Symantec CEO Greg Clark said customers are increasingly opting for cloud and subscription-based offerings over traditional appliances thanks to the company's tightly-integrated offerings.
The Mountain View, Calif.-based security vendor said that ratable (or ongoing) business now accounts for more than 80 percent of Symantec's bookings and billings, according to EVP and CFO Nick Noviello. In fact, Noviello said Symantec's ratable business came in five points higher than the company had projected just three months earlier.
"We now expect this ratable mix-shift to continue to a point where traditional license and appliance product sales become the exception in our business," Clark told Wall Street analysts Wednesday.
For instance, Clark said the customers turning to Symantec in the fast-growing PII (personally identifiable information) compliance market are able to choose between an on-premises or a cloud proxy. The cloud proxy offered by Symantec includes multi-factor authentication, Clark said, and can be integrated with a cloud DLP (data loss prevention) module.
"Customers are picking the cloud form factor and the virtual appliance form factor way more often than we thought," Clark said. "Even in the more regulated industries, we're seeing cloud adoption faster than we thought."
Symantec's ability to integrate product sets together in a compelling manner has resulted in ratable software gaining far more traction than the company projected, Clark said. Increased adoption of Symantec's cloud proxy has also made it easier and more cost-effective for customers to adopt additional security from the company, according to Clark.

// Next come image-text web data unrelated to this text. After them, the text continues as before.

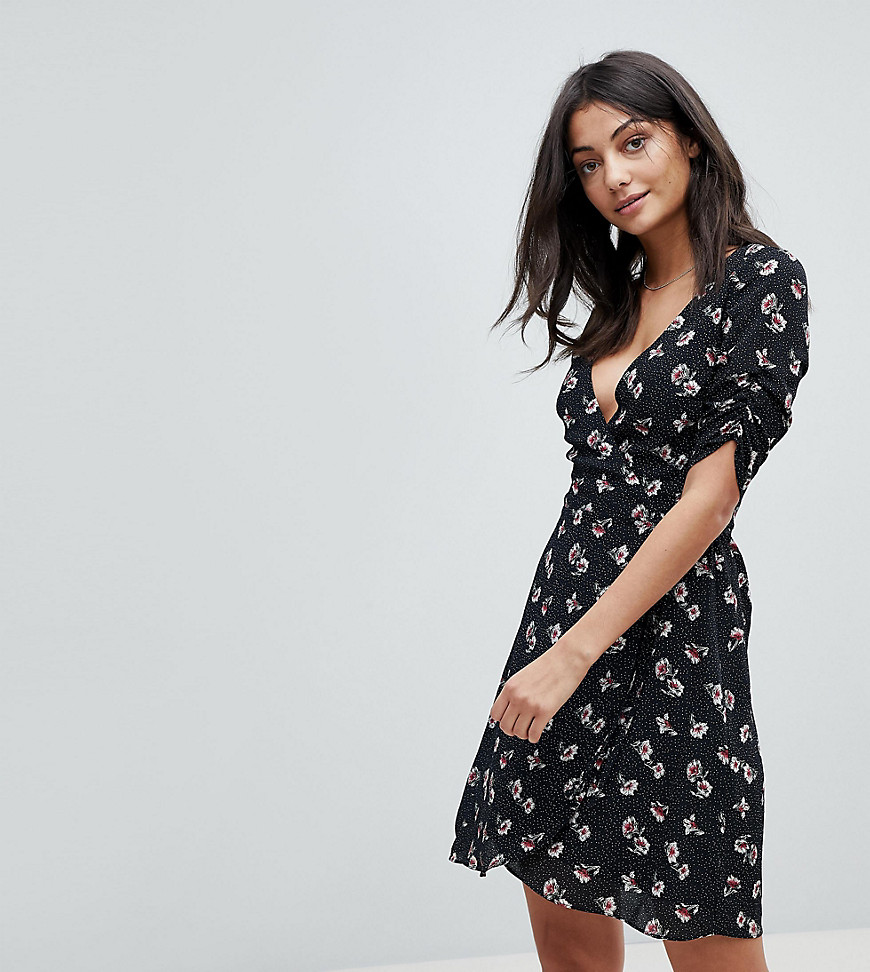 Glamorous Tall Wrap Dress In All Over Floral - Black spot floral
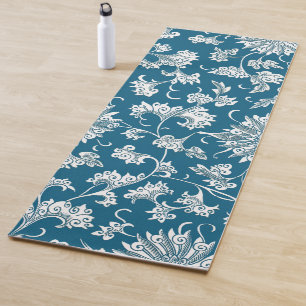 Deep Blue en White  Fantasy Floral Yogamat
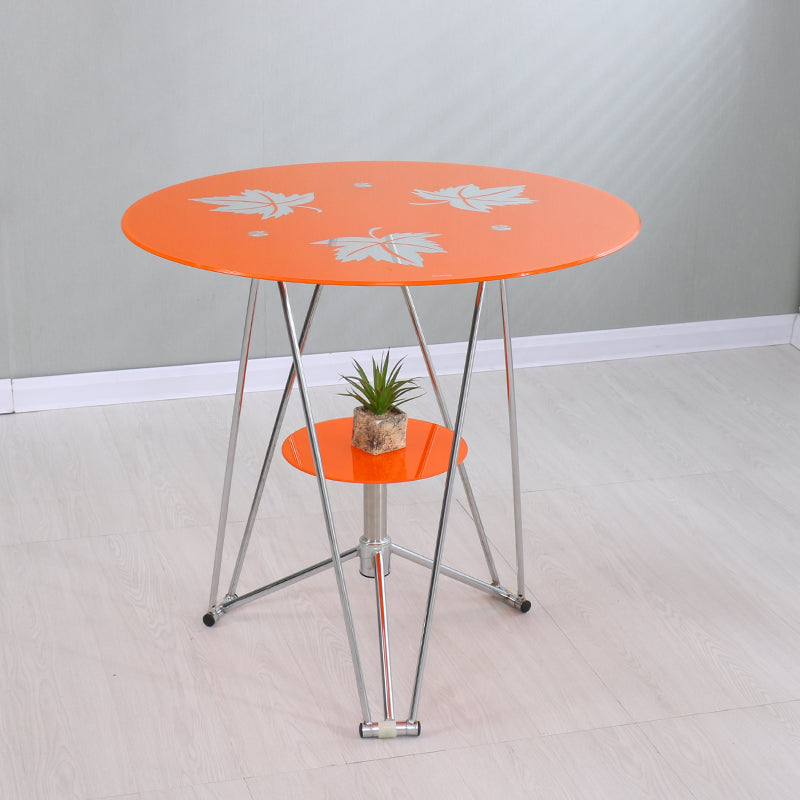 Round Tripod Dining Site Table Metal Dinette Table with Tempered Glass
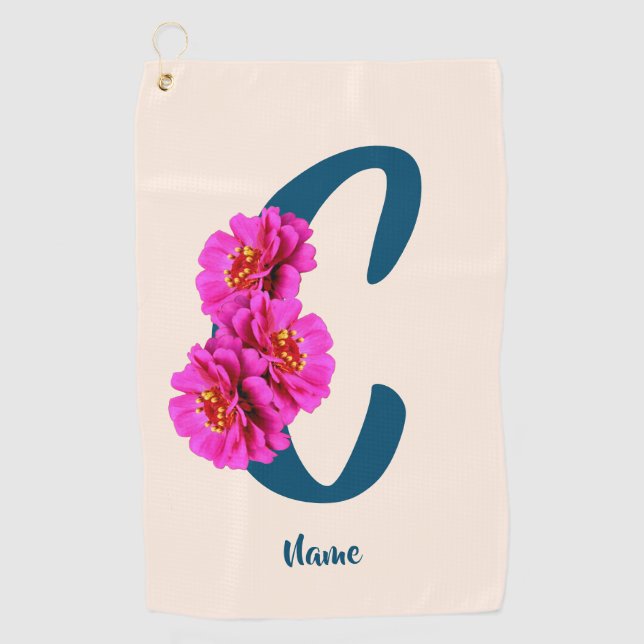 Zinnia Flowers Monogram Initial C Personalized Golf Towel (Front)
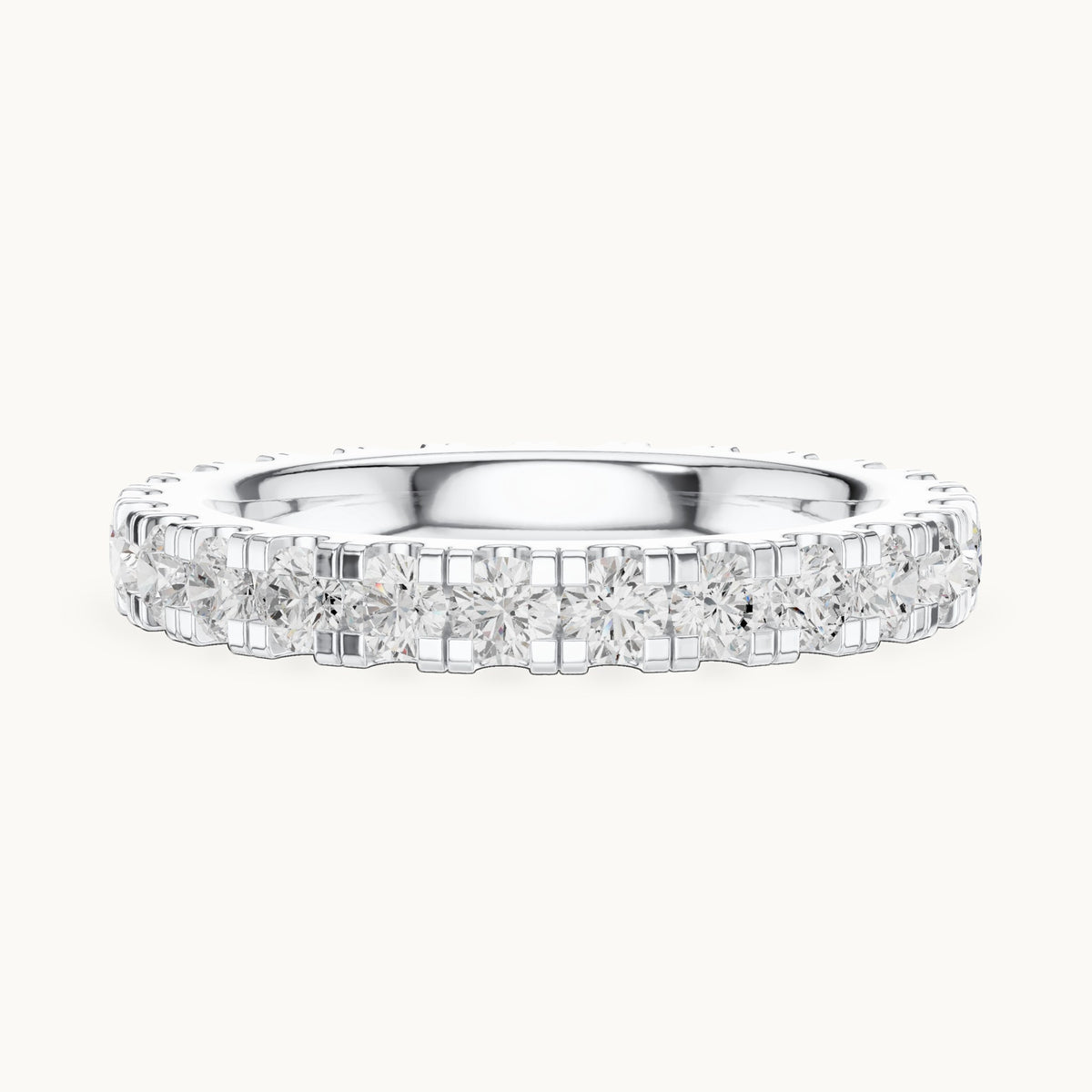Round lab-grown diamond u-prong full eternity band in white gold, 1.56 CT TW, view 3
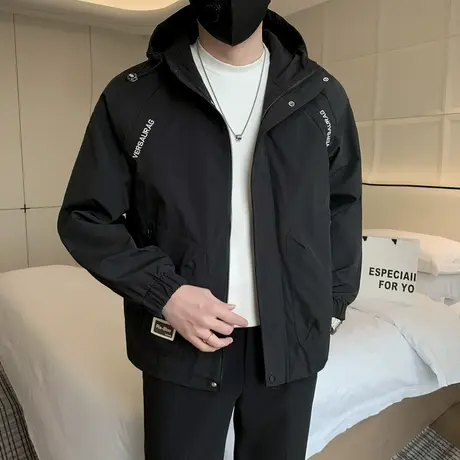 春季连帽冲锋衣外套男潮流韩版简约字母褂子潮牌工装户外休闲夹克商品大图
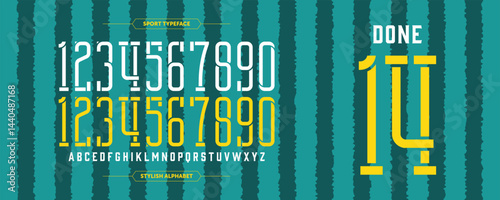 Done 14: Retro sport number concept. Classic jersey design with green, yellow, and white color. Vector illustration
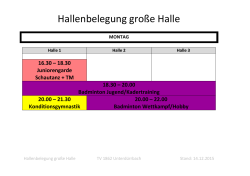 Hallenbelegung große Halle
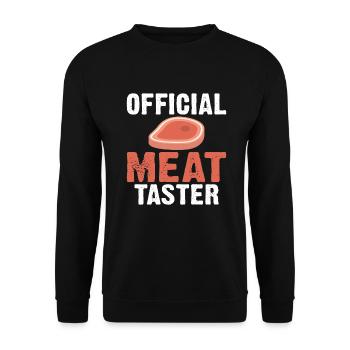 BBQ Grill Rindfleisch Liebhaber Geschenke - Unisex Pullover - Schwarz - Vorne - Alina (178cm) & Michal (187cm)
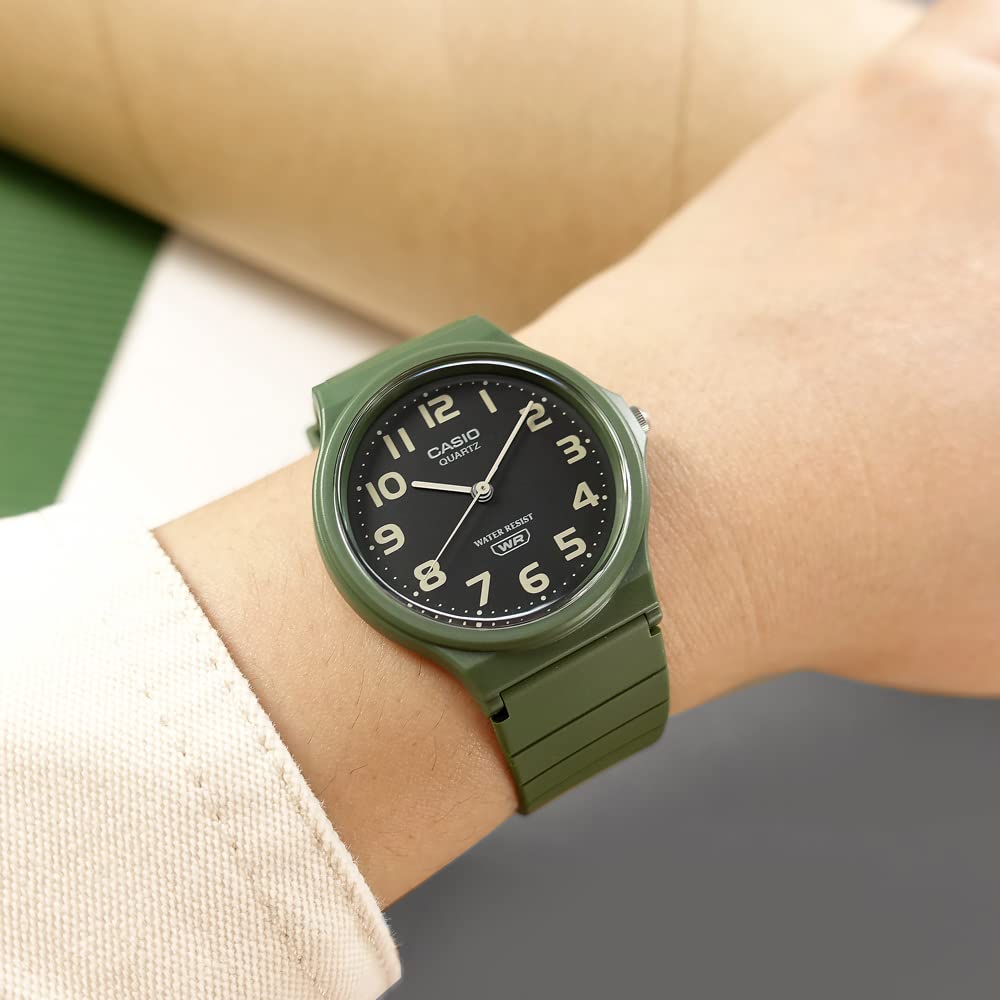 CASIO Standard Analog Business Watch MQ-24UC Women's Olive Dial, Slim Lightweight Earth Tone Design Style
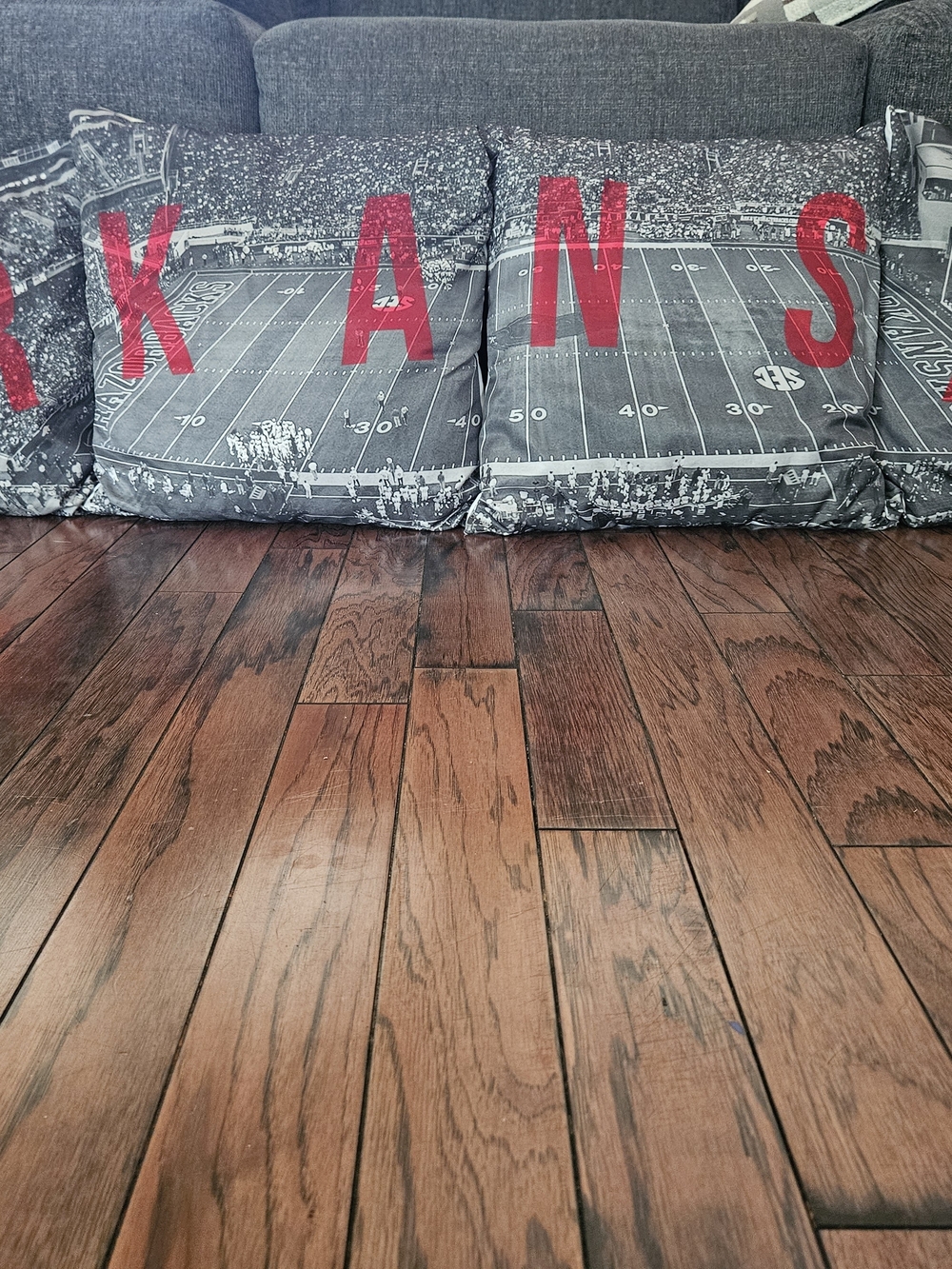 Arkansas Razorbacks Football Field Pillowcases With Red Letters
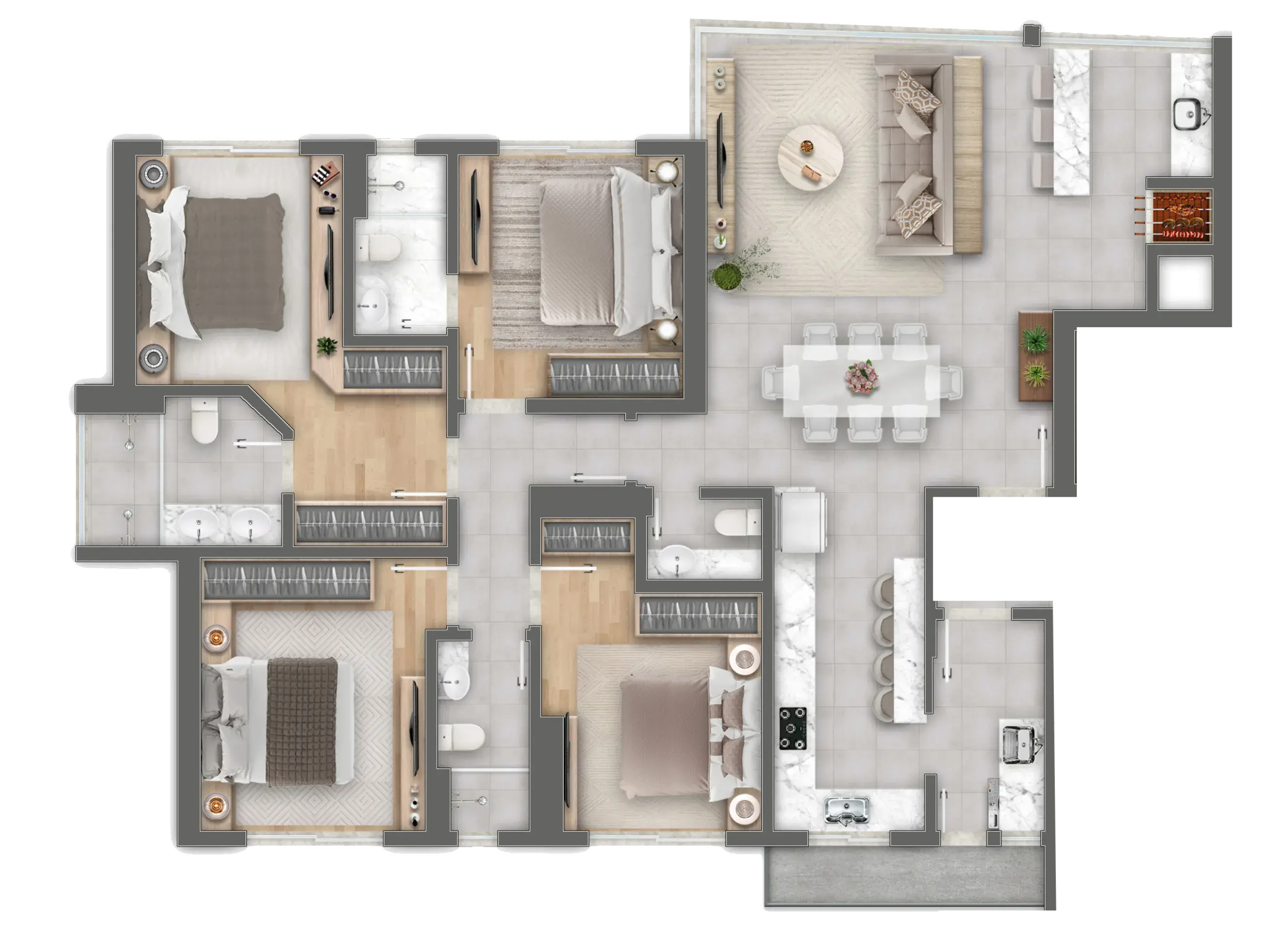 Planta do Apartamento Tipo — opção 2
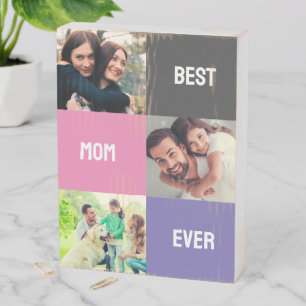 Best Mom Ever   Mother's Day 3 Photo Collage Wooden Box Sign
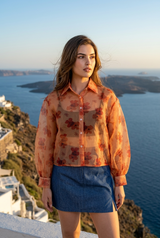 AmberFlame Womens Shirt 🍂☀️ – Golden Heat Vibe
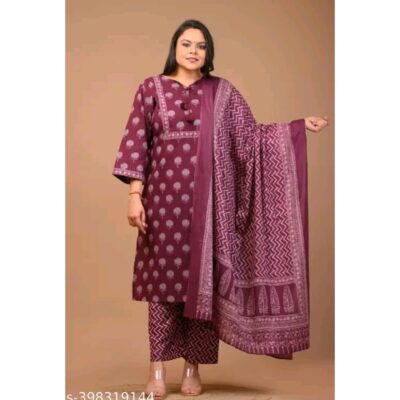 Reya- Plus size Ethnic Cotton Suit Set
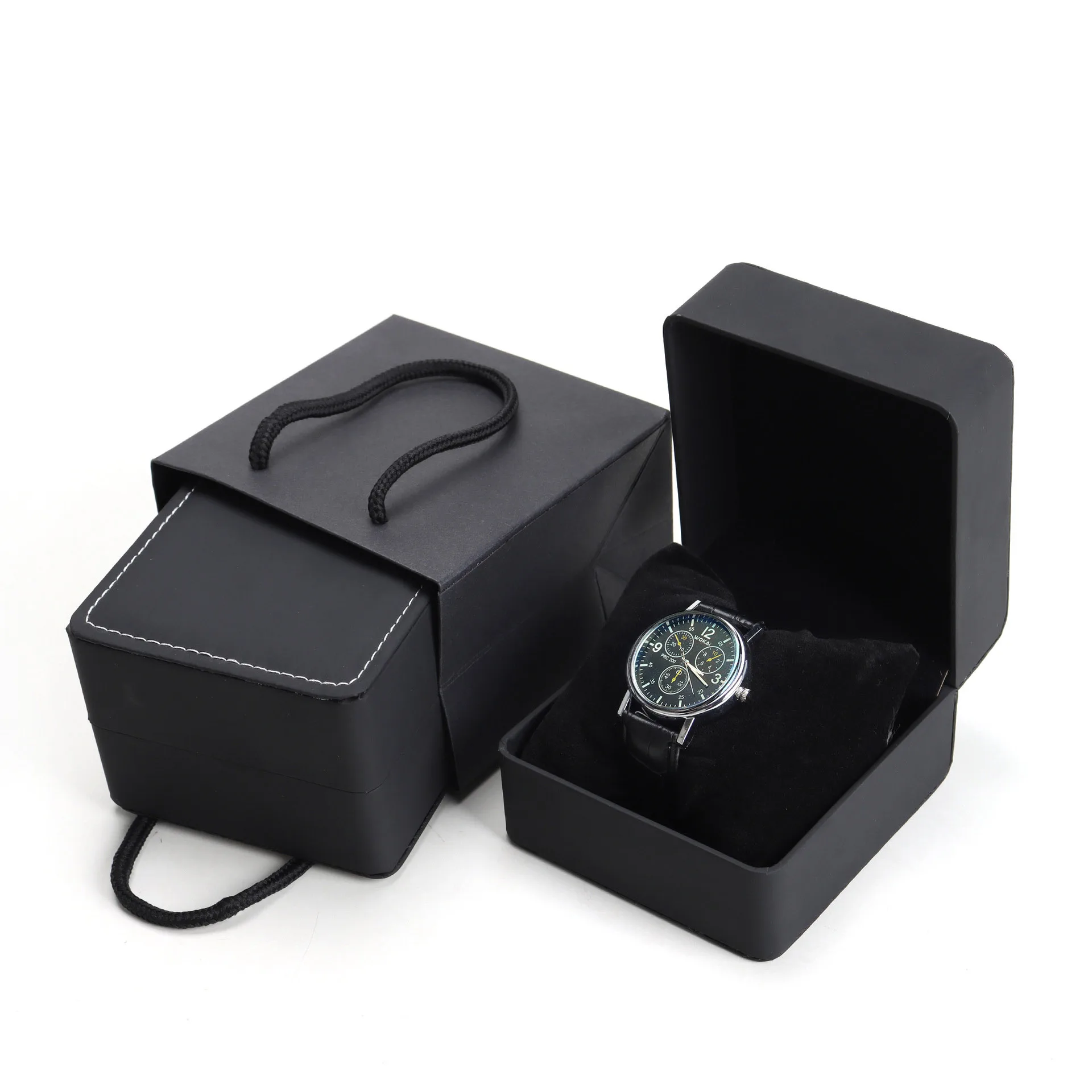 Luxury High Quality Box Watch Custom Logo Black PU Leather Watch Storage Boxes Cases with Pillow Bag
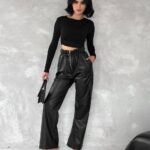 Kendinden ince kemerli deri pantolon siyah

"You don't have to buy an appliance and deploy it," Clark said. "You don't have to go and do a bunch of work. You can turn it on just like you do with software delivered as a service."
The emerging form factors have also allowed Symantec to make good progress with MSSPs, Clark said. The company announced a deal with Airtel in India that would bring Symantec's product set into the country's top 2,000 customers, according to Clark.
"The ability for us to deliver in cloud does open up easier routes to deployment in new customer segments," Clark said.
Sales in the quarter ended Dec. 29 jumped to $1.21 billion, up 16.1 percent from $1.04 billion a year earlier. On a non-GAAP basis, revenue increased to $1.23 billion, up 13.4 percent from $1.09 billion last year. That fell short of Seeking Alpha's projection of $1.27 billion.